RE: this is frustrating
By TheDoc9 on 2/16/2010 2:02:10 PM , Rating: 2
I would agree, except I'm reminded of the tinted window effect on my friends plasma. After years of watching standard def material the screen has become noticeable and distractingly dimmer in the center. Widescreen material just looks silly because of it.


RE: this is frustrating
By jimbojimbo on 2/16/2010 4:05:37 PM , Rating: 2
Compared to LED backlit LCD TVs, I'd only consider a plasma if I was interested in warming up my home. Plasmas use a lot more electricity and pump out a lot more heat.


RE: this is frustrating
By sigmatau on 2/16/2010 7:27:44 PM , Rating: 2
What is a lot more? 50 more watts?


RE: this is frustrating
By tastyratz on 2/16/2010 8:44:32 PM , Rating: 3
depends on what you mean by a lot. Plasmas are rated for a lot more energy draw than you actually see. When calibrated PROPER ntsc and you have a full white display (most energy on a plasma) my 42 inch panasonic only draws maybe 130 watts from the wall. The manual says it can take up to 400 watts though. What you actually see is far less... and a comparable LCD might be 2/3rds that so you are talking a difference of mere dollars a year for a significant picture increase.

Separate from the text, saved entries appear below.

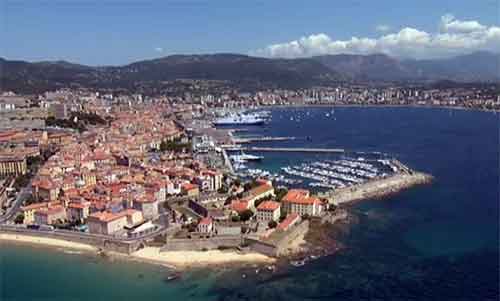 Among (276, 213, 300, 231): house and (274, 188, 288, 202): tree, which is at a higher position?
(274, 188, 288, 202): tree

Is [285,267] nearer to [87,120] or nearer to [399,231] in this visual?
[399,231]

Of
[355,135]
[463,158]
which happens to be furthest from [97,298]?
[355,135]

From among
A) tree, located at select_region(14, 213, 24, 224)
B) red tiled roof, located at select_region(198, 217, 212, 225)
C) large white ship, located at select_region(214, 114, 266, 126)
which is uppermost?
large white ship, located at select_region(214, 114, 266, 126)

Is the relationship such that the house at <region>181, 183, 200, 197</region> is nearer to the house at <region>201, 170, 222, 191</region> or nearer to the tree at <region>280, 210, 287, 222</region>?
the house at <region>201, 170, 222, 191</region>

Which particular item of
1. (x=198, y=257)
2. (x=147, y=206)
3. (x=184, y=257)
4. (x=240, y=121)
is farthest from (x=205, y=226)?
(x=240, y=121)

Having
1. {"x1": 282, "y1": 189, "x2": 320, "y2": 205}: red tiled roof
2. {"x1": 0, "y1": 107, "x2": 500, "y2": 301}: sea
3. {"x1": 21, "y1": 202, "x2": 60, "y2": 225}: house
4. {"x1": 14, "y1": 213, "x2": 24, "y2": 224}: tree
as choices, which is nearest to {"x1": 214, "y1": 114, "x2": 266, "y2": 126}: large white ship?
{"x1": 0, "y1": 107, "x2": 500, "y2": 301}: sea

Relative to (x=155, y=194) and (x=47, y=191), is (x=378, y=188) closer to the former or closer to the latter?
(x=155, y=194) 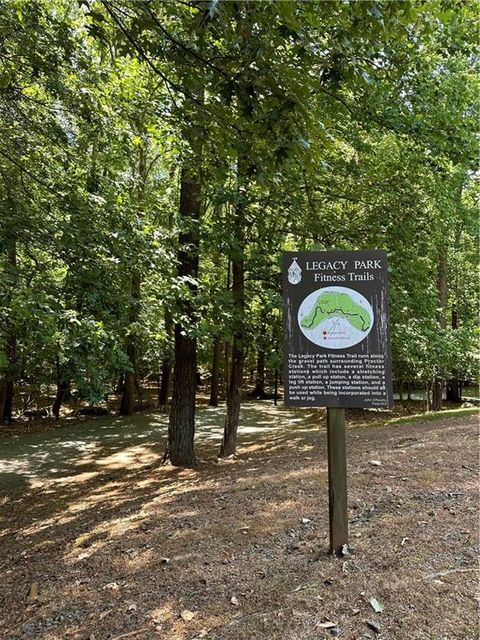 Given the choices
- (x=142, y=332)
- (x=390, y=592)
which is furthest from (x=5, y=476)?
(x=390, y=592)

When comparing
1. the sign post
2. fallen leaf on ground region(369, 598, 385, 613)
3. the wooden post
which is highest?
the sign post

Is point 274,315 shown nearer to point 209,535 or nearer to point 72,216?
point 72,216

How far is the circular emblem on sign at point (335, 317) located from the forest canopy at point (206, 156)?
872 mm

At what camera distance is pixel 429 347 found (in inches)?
474

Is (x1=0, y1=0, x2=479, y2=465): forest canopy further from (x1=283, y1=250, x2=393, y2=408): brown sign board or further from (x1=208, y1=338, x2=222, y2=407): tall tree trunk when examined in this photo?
(x1=208, y1=338, x2=222, y2=407): tall tree trunk

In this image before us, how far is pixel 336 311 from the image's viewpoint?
323cm

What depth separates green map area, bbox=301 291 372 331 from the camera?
320 cm

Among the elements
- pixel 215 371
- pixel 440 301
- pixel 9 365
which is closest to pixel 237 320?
pixel 9 365

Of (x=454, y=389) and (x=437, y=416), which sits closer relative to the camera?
(x=437, y=416)

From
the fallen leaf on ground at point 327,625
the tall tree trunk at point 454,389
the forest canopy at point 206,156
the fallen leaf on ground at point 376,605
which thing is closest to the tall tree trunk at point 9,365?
the forest canopy at point 206,156

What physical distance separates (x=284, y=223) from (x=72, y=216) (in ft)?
12.8

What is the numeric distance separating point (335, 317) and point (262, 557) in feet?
5.68

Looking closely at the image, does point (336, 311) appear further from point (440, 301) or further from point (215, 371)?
point (215, 371)

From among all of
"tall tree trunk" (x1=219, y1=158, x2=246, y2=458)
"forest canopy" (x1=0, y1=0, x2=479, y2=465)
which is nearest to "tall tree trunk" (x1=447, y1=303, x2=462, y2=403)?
"forest canopy" (x1=0, y1=0, x2=479, y2=465) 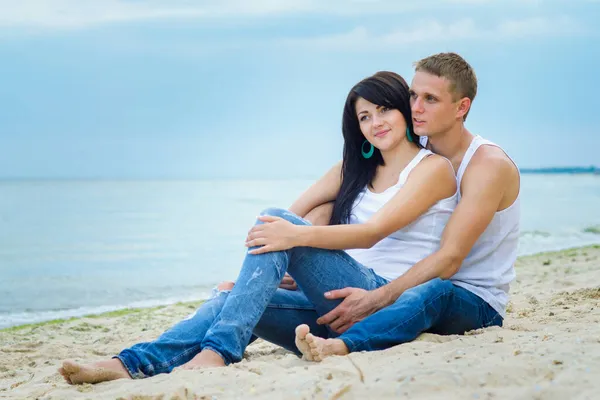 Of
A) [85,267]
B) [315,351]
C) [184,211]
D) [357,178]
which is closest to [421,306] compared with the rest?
[315,351]

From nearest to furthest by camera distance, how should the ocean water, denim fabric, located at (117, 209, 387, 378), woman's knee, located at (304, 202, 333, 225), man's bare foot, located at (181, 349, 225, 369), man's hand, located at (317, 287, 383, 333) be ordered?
man's bare foot, located at (181, 349, 225, 369), denim fabric, located at (117, 209, 387, 378), man's hand, located at (317, 287, 383, 333), woman's knee, located at (304, 202, 333, 225), the ocean water

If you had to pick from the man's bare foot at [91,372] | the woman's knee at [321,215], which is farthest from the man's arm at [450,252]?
the man's bare foot at [91,372]

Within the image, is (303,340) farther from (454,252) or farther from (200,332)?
(454,252)

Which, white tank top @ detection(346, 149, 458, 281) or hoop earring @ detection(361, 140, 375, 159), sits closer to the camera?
white tank top @ detection(346, 149, 458, 281)

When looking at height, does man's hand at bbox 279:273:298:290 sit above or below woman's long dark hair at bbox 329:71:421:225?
below

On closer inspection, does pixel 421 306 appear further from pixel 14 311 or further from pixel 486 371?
pixel 14 311

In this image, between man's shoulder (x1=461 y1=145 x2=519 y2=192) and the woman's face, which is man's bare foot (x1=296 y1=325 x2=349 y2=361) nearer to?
man's shoulder (x1=461 y1=145 x2=519 y2=192)

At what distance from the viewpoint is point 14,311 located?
28.4 feet

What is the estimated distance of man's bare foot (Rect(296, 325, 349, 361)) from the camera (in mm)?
3113

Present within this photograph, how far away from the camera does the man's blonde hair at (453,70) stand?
3811 millimetres

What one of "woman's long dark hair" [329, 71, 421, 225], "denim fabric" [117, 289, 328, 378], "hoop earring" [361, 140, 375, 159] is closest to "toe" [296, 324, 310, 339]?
"denim fabric" [117, 289, 328, 378]

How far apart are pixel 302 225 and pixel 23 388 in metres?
1.66

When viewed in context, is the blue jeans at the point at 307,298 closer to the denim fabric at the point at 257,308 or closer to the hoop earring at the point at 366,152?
the denim fabric at the point at 257,308

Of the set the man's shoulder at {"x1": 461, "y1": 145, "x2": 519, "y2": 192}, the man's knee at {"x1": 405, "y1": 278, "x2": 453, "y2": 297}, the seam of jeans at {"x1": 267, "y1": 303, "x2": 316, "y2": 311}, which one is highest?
the man's shoulder at {"x1": 461, "y1": 145, "x2": 519, "y2": 192} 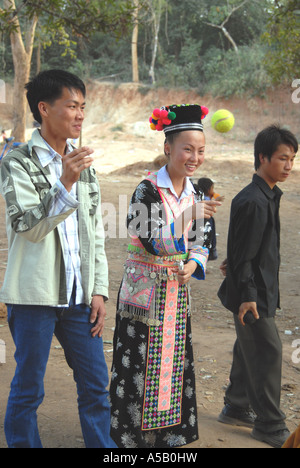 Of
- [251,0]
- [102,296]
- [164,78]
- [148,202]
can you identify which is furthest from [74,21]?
[251,0]

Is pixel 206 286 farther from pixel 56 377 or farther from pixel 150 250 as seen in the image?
pixel 150 250

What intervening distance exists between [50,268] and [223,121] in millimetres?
7365

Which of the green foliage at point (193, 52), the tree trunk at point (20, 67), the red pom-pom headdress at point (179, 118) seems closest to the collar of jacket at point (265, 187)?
the red pom-pom headdress at point (179, 118)

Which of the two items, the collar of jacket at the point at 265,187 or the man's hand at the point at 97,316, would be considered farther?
the collar of jacket at the point at 265,187

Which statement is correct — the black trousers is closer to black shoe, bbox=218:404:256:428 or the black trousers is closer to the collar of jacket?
black shoe, bbox=218:404:256:428

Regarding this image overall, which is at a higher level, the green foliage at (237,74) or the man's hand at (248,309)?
the green foliage at (237,74)

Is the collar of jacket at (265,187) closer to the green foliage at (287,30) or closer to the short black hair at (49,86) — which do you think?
the short black hair at (49,86)

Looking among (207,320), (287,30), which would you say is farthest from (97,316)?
(287,30)

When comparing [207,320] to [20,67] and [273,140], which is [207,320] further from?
[20,67]

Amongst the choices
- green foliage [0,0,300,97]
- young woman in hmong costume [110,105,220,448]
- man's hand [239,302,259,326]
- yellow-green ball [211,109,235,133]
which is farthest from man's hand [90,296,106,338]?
green foliage [0,0,300,97]

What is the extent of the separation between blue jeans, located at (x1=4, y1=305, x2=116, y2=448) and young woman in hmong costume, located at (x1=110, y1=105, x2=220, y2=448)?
38 centimetres

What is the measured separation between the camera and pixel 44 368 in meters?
2.54

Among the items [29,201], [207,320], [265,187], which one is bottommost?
[207,320]

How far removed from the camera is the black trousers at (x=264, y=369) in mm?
3221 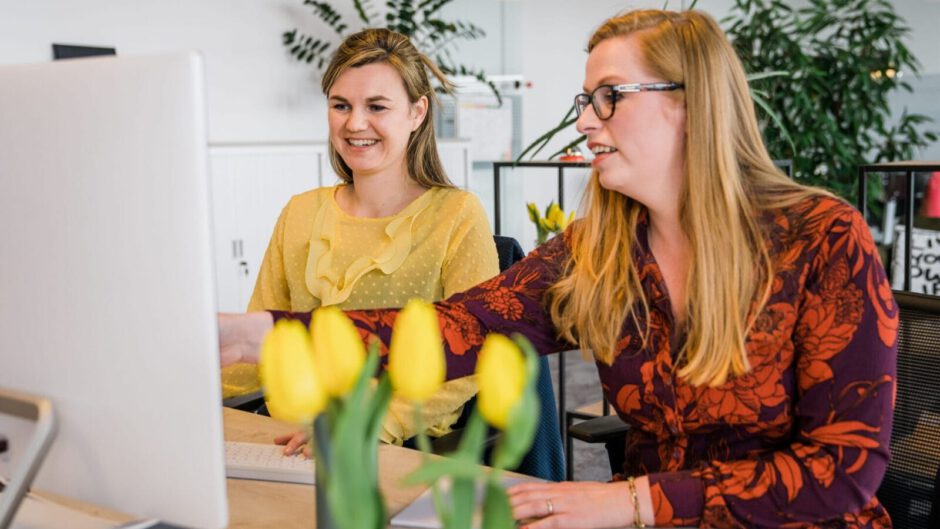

Given the investment a TV really is plasma is still the best value. The money saved in electricity will almost never be recouped over its usable lifetime for a spendy lcd tv that even comes close to plasma PQ.


RE: this is frustrating
By inperfectdarkness on 2/17/2010 4:29:38 PM , Rating: 2
99% sure your lcd specs are for ccfl lcd's, not led/lcd's. i've never heard of led/lcd's using 2/3rds the energy of plasmas. more like 1/5th or less.


RE: this is frustrating
By StinkyWhizzleTeeth on 2/22/2010 1:55:44 AM , Rating: 2
LED is not that much more efficient than CCFL.